DATA FOR REVIEW START

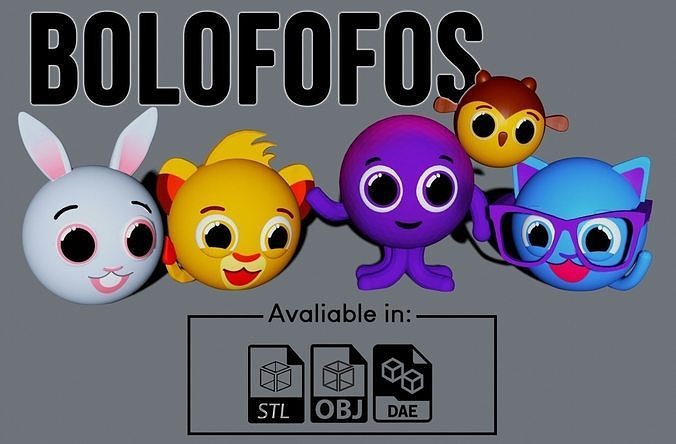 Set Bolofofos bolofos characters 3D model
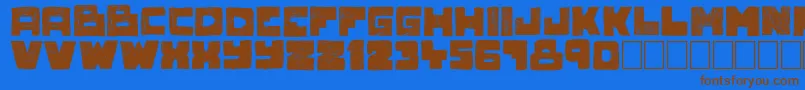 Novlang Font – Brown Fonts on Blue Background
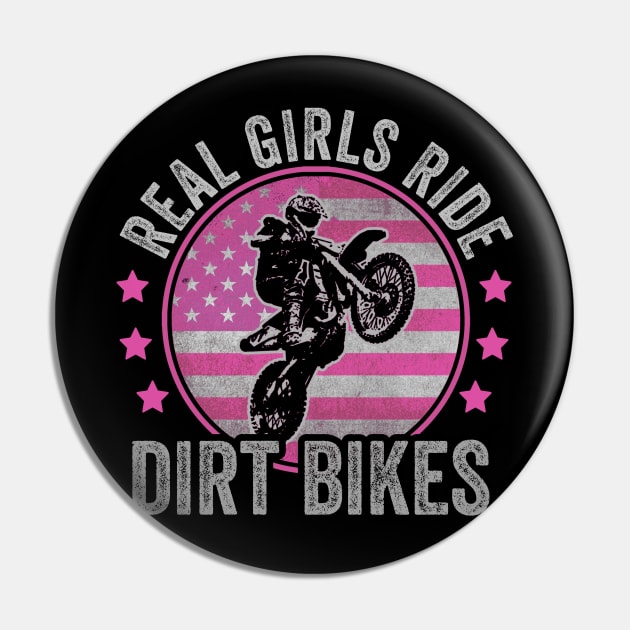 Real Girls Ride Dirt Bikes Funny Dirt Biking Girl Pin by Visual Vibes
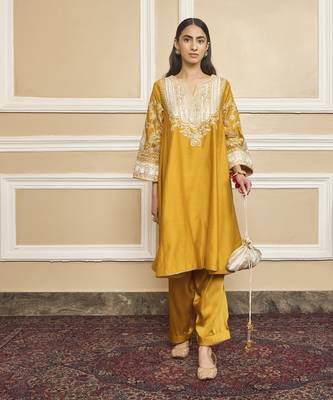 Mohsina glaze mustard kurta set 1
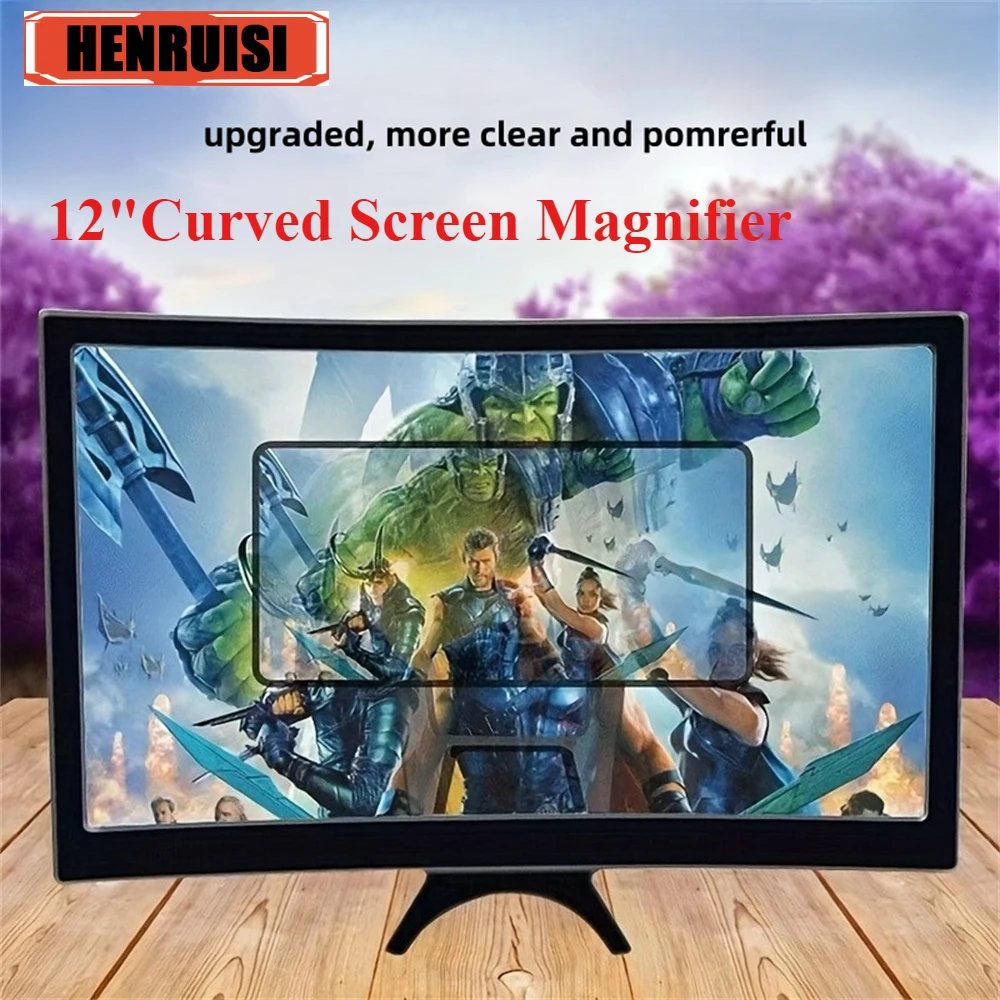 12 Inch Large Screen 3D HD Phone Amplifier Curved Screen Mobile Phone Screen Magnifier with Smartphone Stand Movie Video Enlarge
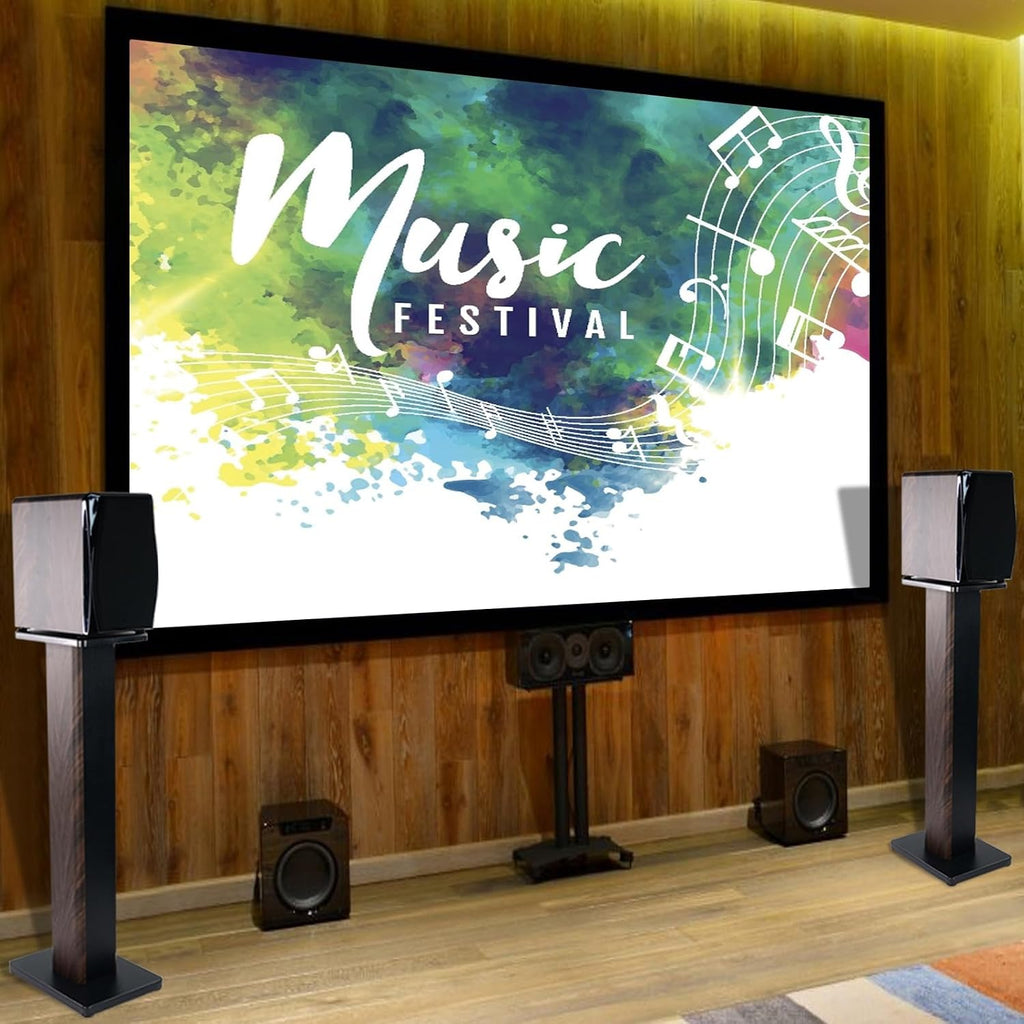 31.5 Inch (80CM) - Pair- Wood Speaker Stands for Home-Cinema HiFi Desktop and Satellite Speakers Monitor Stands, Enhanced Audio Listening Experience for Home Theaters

DATA FOR REVIEW END
DATA FOR REVIEW START

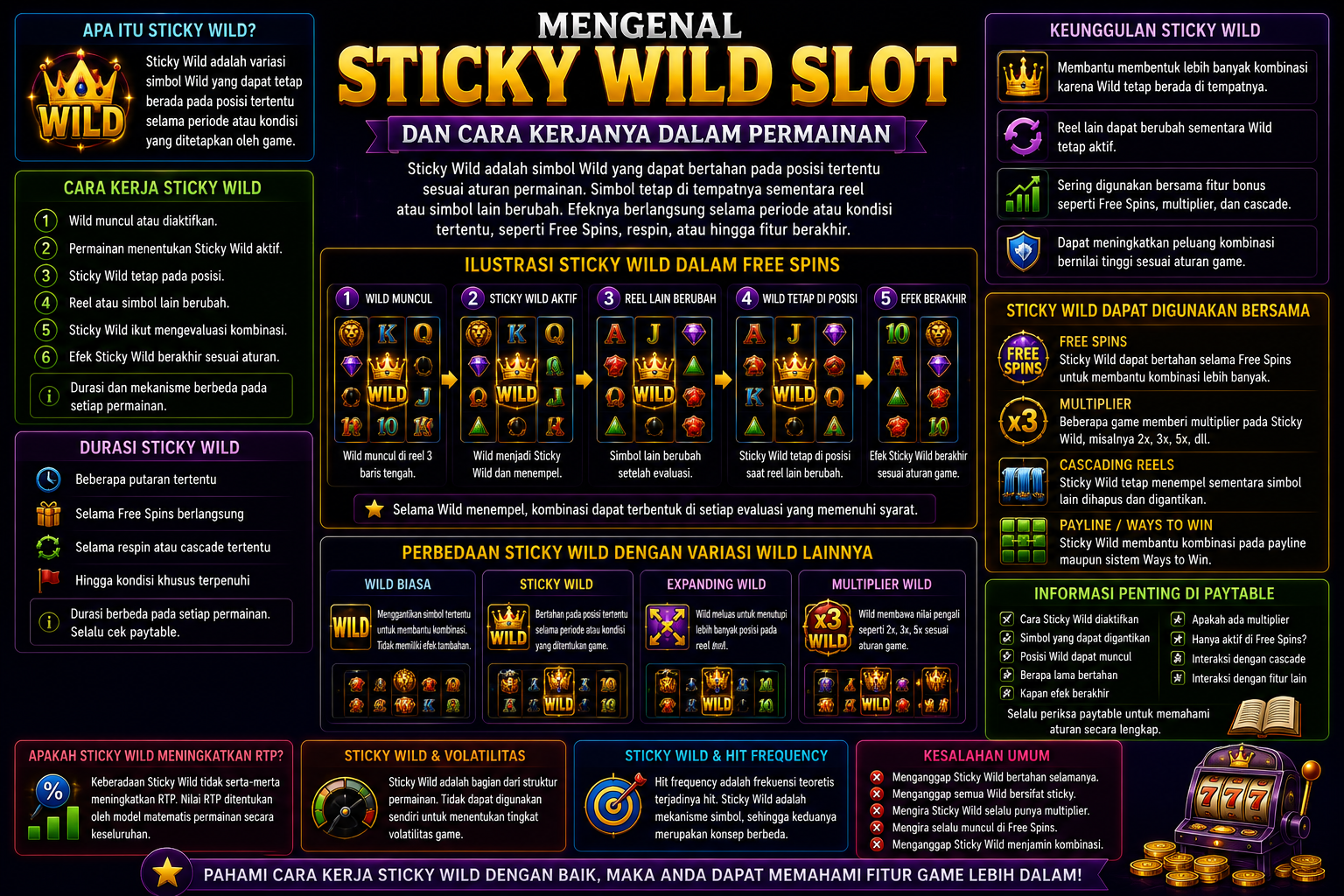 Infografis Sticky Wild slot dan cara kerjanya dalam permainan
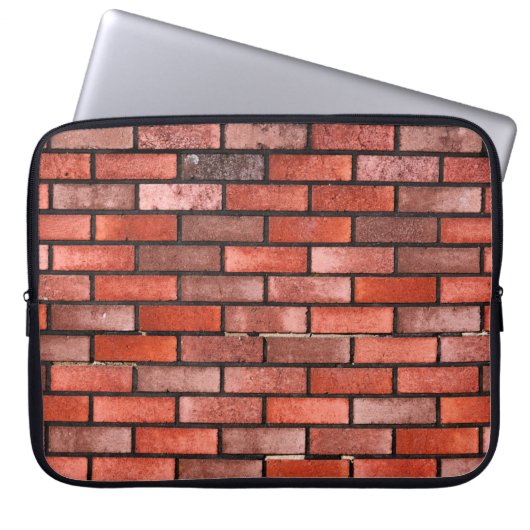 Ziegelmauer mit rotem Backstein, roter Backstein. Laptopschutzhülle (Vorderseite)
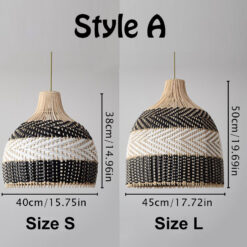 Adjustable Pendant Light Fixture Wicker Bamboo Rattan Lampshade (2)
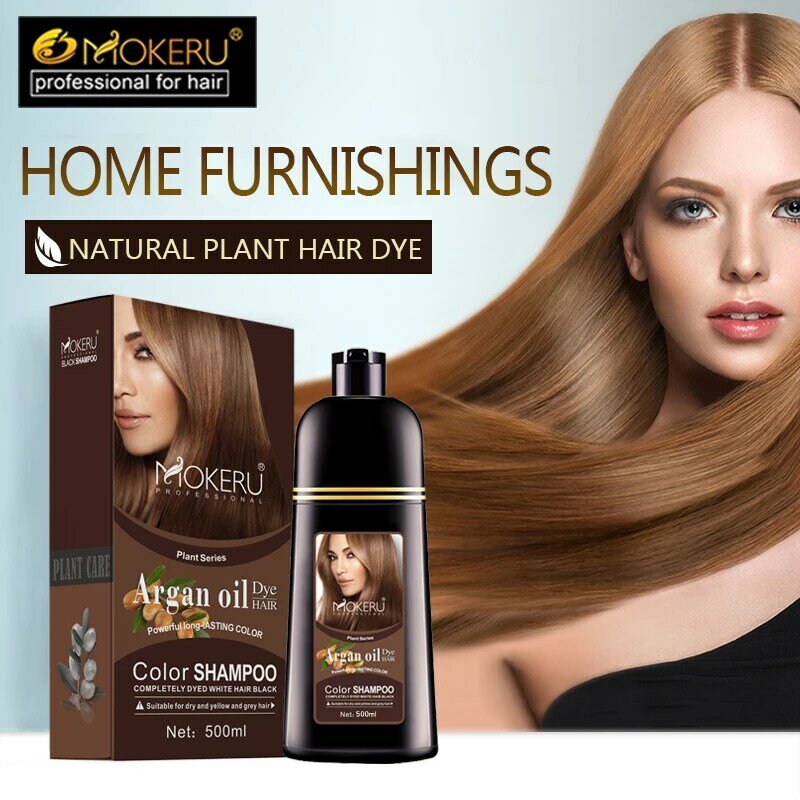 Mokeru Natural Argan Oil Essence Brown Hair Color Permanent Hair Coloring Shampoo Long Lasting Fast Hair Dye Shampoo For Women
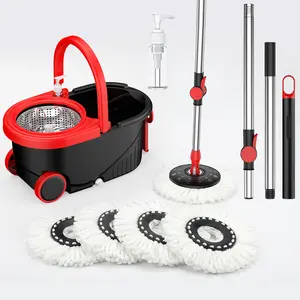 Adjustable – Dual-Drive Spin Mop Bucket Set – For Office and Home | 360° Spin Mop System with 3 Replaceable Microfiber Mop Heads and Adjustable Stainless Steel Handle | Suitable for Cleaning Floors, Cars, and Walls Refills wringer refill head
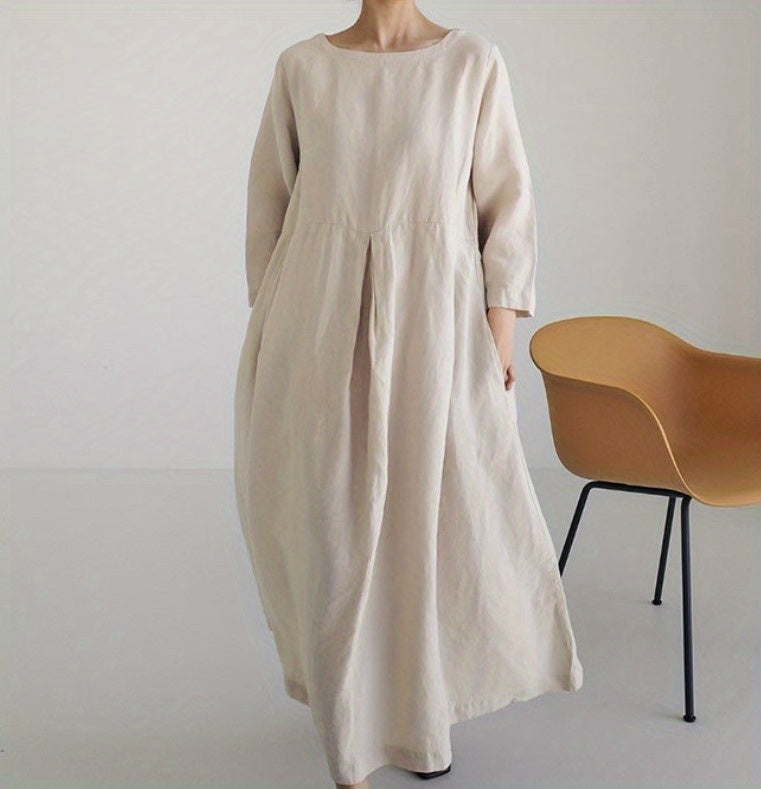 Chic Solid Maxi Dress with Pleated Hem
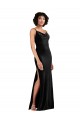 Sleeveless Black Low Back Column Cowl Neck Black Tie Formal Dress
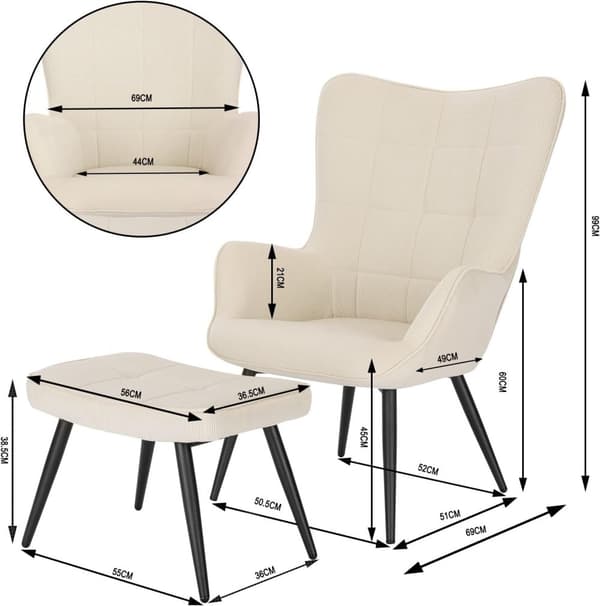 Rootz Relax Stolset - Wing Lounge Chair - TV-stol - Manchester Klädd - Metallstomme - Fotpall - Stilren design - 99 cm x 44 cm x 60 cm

DATA FOR REVIEW END

**YOUR TASK**
Now transcribe the lines above exactly, starting at the line containing "12 Inch Large" and ending at the line containing "31.5 Inch (80CM)", both lines included, pictures excluded.

**RESULT BELOW**
 12 Inch Large Screen 3D HD Phone Amplifier Curved Screen Mobile Phone Screen Magnifier with Smartphone Stand Movie Video Enlarge
 31.5 Inch (80CM) - Pair- Wood Speaker Stands for Home-Cinema HiFi Desktop and Satellite Speakers Monitor Stands, Enhanced Audio Listening Experience for Home Theaters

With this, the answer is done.